The description below was last updated on March 10, 2015. Click over to our Github project and check out the readme and other docs there to see the current state of the project.
You can find the Huboard we've (sometimes) used to track tasks and progress at Huboard and we (sometimes) communicate with each other at our Hackpad.
Mission Statement
Philly Open Health increases access to and availability of public health data for Philadelphia and surrounding counties. There is a huge amount of publicly-available population health data available for the greater Philadelphia area, but it isn't technically "open data". While some of the data on Philly Open Health will be open (machine-readable) data, such as population demographics, other data will be sourced from PDFs, siloed databases, and filtered federal data sets. The combination of data sources and types will provide a more comprehensive look at population health in the greater Philly area, even though open data in the public health arena is limited.
Starting Off
The jumping-off point for Philly Open Health is the Office of HIV Planning (OHP)'s annual epidemiologic profile (or "epi" profile), which covers Philadelphia and eight surrounding counties in two states. This document includes over 200 tables and 100 figures on everything from race/ethnicity to drug use to poverty to HIV/AIDS. This document has always been designed for print, which means that limited data are included for presentation. OHP would like to provide the public with the data used in developing the epi profile in one centralized location.
Problem
The data being uploaded to Philly Open Health comes from dozens of sources and has no standardized format. Many of the source files are PDFs or other files that cannot be easily manipulated, and they can be difficult to track down. In other cases, regionally relevant data can only be made available by filtering data sets with statistical analysis software that the general public may not have access to or knowledge of. While some of this data is selected for presentation in OHP's epi profile, the PDF format is limiting. For example, a nonprofit organization looking for data about a particular population in order to write a grant proposal might have to flip through the 400+ page epi profile by hand to find a table that might be relevant to them, and then manually copy it.
Stakeholders
People who will/might use the repository include:
- Public health nonprofits
- Grant writers
- Community planners
- Social service organizations
- Health departments
- Students
- OHP staff
- The general public
The Solution
A website built using Ruby on Rails, which users can visit to search for data that matches various search criteria such as geography, demographics, etc - see below for a list of proposed metadata. Each document will have a set of metadata (see below) as well as links to one or more files to contain that data. Access to the data is public; the ability to upload or alter database contents will be limited to trusted users. In addition, each document should have a unique permanent URL that can be referenced in documents such as the epi profile - so that below a given table, for example, there might be "Original data available at phillyopenhealth.org/datarepo/987654321/."
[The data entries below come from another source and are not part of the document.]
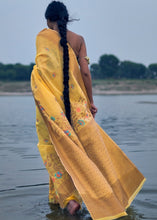 Load image into Gallery viewer, Tuscany Yellow Woven Linen Silk Saree with Floral Motif on Pallu and Border Clothsvilla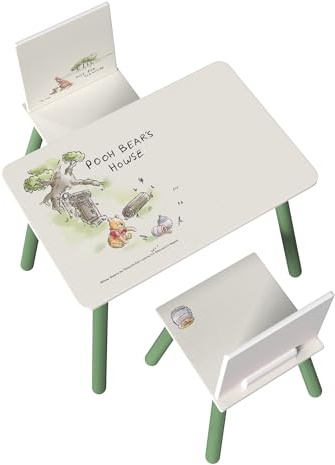 Disney Winnie the Pooh Kids Table and Chair Set (2 Chairs Included) – Classic Pooh Bear Wooden Furniture for Toddlers & Nursery, Ideal for Arts & Crafts, Snack Time, Homework, Playroom & Bedroom
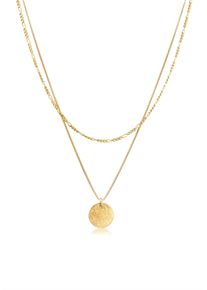 Silberkette Elli "Halskette Layer M&uuml;nze Figaro Boho 925 Silber" Gr. 40, gold, Halsketten, Damen, 40, Silber 925 (Sterlingsilber), Silberkette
Known Limitations (ie, things we’re not worrying about right now)
The files we’re trying to make available come in many different formats and cover many different types of data. Some are raw survey data; some are heavily processed statistics.
In addition, the presentation of each file is usually optimized for human readability, so we’d need some pretty complex processing to ‘extract’ the information from each one - and that logic might not carry over to the next file, which is formatted very differently. It would be cool if we could start turning some of these files into standardized formats for easier machine processing - but that problem gets messy fast, because the data here is so heterogeneous in every way, we’re not going to worry about that… yet. First we make the data available, then we can worry about making it easier to work with.